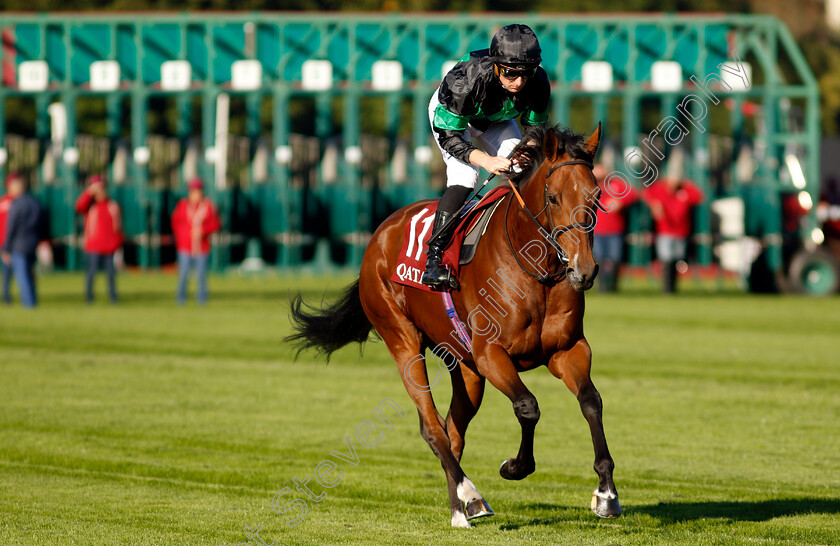 River-Of-Stars-0001 
 RIVER OF STARS (T Bachelot)
Longchamp 5 Oct 2034 - Pic Steven Cargill / Racingfotos.com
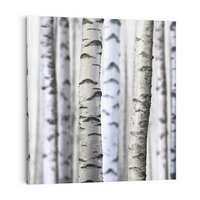 Obraz na płótnie 70x70 - Delikatność brzóz - brzozy, las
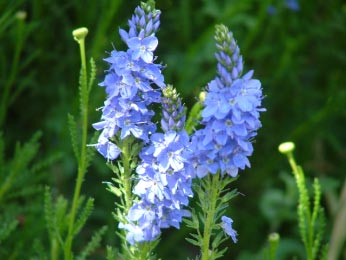 Veronica austriaca subsp.  teucrium Brede ereprijs bestellen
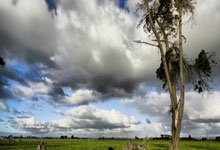 开云体育_天津飞船击败内蒙古猎手队，取得胜利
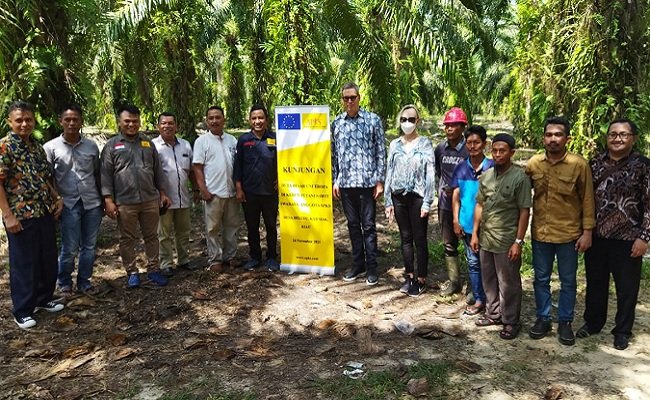 Duta Besar Uni Eropa Lihat Budidaya Berkelanjutan Petani Sawit Rakyat Di Riau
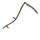 Scythe
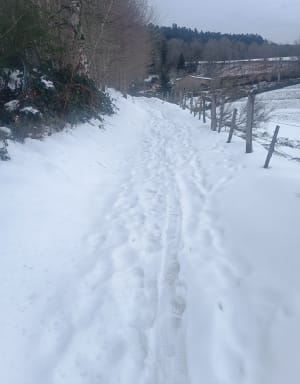 Place de la Rivière vers le Pilat par Planfoy - Saint-Étienne - 27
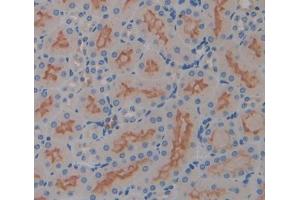 IHC-P analysis of Mouse Tissue, with DAB staining. (IL17RD Antikörper  (AA 356-603))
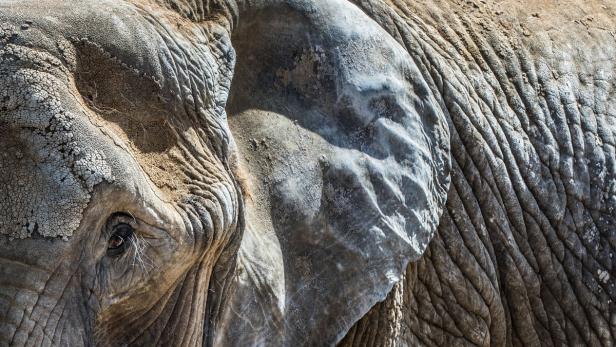 Nahaufnahme des Kopfes und des Ohrs eines Elefanten.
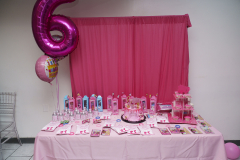 Alani-6th-birthday-1
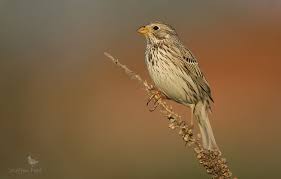 Image result for Emberiza calandra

→ **About this task**
For this exercise, transcribe the data exactly but without its pictures.

→ **Exercise output**
 River-Of-Stars-0001 
 RIVER OF STARS (T Bachelot)
Longchamp 5 Oct 2034 - Pic Steven Cargill / Racingfotos.com
 Obraz na płótnie 70x70 - Delikatność brzóz - brzozy, las
 Veronica austriaca subsp.  teucrium Brede ereprijs bestellen
 开云体育_天津飞船击败内蒙古猎手队，取得胜利
 Duta Besar Uni Eropa Lihat Budidaya Berkelanjutan Petani Sawit Rakyat Di Riau
 Scythe
 Place de la Rivière vers le Pilat par Planfoy - Saint-Étienne - 27
 IHC-P analysis of Mouse Tissue, with DAB staining. (IL17RD Antikörper  (AA 356-603))
 Nahaufnahme des Kopfes und des Ohrs eines Elefanten.
 Alani-6th-birthday-1
 Image result for Emberiza calandra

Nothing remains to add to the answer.